Life may be miserable on the DSP, but many of these people fear that a job, even a part-time job will leave them worse off.

Employment Minister Kevin Andrews has proposed an overhaul of that system beginning with measures which will hopefully encourage tens of thousands of single parents, disabled pensioners and long-term unemployed back into some kind of work.

Under the Andrews Plan, government agencies will try to find ways to help people work part-time, or periodically as a means of getting them back in the work-force.

Changed emphasis

The emphasis will switch from looking at peoples' "disabilities" to their ability to work. People will not be penalised for taking up a job, will be able to return to benefits if the job doesn't work out, and keep some of the welfare benefits even if they get a part-time job.

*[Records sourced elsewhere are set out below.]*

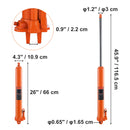 SucceBuy Hydraulic Long Ram Jack 3/8 Ton Engine Hoist Cylinder with Single Piston Pump And Clevis Base Hydraulic Ram Cylinder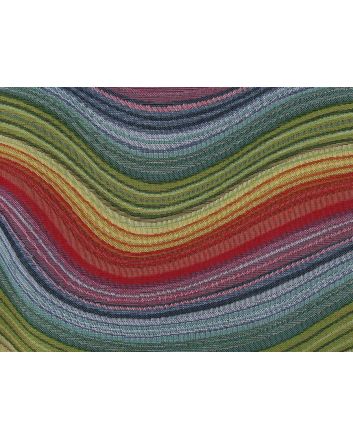 Cotton Rich Woven Tapestry, Rainbow Wave
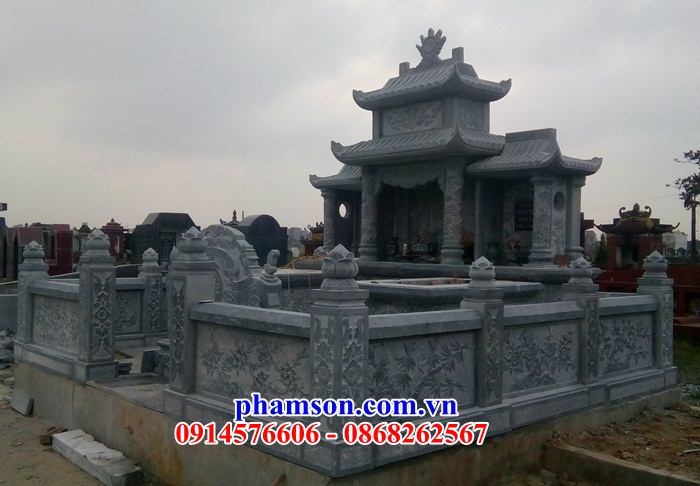 23 Mẫu mộ đá thanh hóa đôi gia đình ông bà bố ba cha mẹ hai ba bốn ngôi liền nhau đẹp bán tại Hà Giang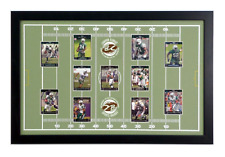 Football Display Board: Trading Card Sports Field Frame 17x27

Mr Andrews is happy to have single mothers stay at home while their children are at pre-school, but wants to encourage them out of the poverty trap by taking up at least a part-time job by the time the children reach primary school.

When the children are in high school, single mothers should be looking for full-time work, according to the minister.

The Howard Government has allowed the system to drift for too long and, after nine years in office, cannot fall back to blaming the previous Keating Government.

Mr Andrews appears to be cutting through the usual superficial "bashing" of long-term unemployed, single mums and disability pensioners by recognising the fact that a huge percentage of these people actually would love to have some kind of job.

The system needs changing, and so do the attitudes of the long-term jobless. The Howard Government would do well to take up Mr Andrews proposals.